§ What to work on: Going down the data below, set down exactly the line with "HP Pro 6000" and each line after it through the line with "Foto 743caf09-d764-4091-8462-a5331b2af0a6. Local"; no other lines.

§ Exercise material:
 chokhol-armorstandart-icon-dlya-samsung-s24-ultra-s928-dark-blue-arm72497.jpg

* * *

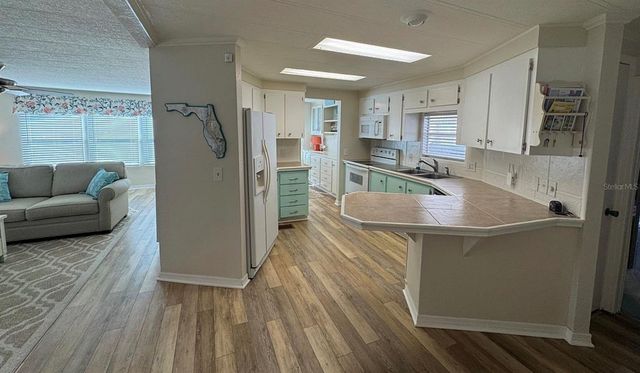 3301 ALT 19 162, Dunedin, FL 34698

--

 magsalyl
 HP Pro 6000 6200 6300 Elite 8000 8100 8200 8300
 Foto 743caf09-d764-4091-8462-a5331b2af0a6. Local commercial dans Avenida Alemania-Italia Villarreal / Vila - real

§ Solution:
 HP Pro 6000 6200 6300 Elite 8000 8100 8200 8300
 Foto 743caf09-d764-4091-8462-a5331b2af0a6. Local commercial dans Avenida Alemania-Italia Villarreal / Vila - real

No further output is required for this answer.